Conway Smith

Personal information
- Full name: William Conway Smith
- Date of birth: 13 July 1926
- Place of birth: Huddersfield, England
- Date of death: 1989 (aged 62–63)
- Position(s): Inside forward

Senior career*
- Years: Team / Apps / (Gls)
- 1945–1951: Huddersfield Town / 37 / (5)
- 1951–1956: Queens Park Rangers / 174 / (81)
- 1956–1962: Halifax Town / 183 / (73)
- –: Nelson

= Conway Smith =

English footballer

William Conway Smith (13 July 1926 – 1989) was an English footballer born in Huddersfield, Yorkshire, who played as an inside forward for Huddersfield Town, Queens Park Rangers and Halifax Town in the Football League, and in non-league football for Nelson.
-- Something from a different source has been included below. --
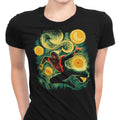 Starry Miles Women's Apparel - Adult & Kids T-Shirts, Sweatshirts & Hoodies apparel design preview 1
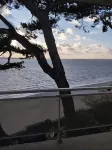 Les Voiles Blanches, apartment with bay view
Smith, the son of Huddersfield Town and England footballer Billy Smith, signed for Huddersfield on professional forms in 1945, and made his debut in the 1947–48 season. His progress was interrupted by a broken leg sustained in January 1949, and in March 1951, after "a lengthy spell" on the transfer list, he joined Queens Park Rangers. He played 174 league games for QPR, scoring 81 goals, before transferring to Halifax Town in 1956, where he achieved a similar record.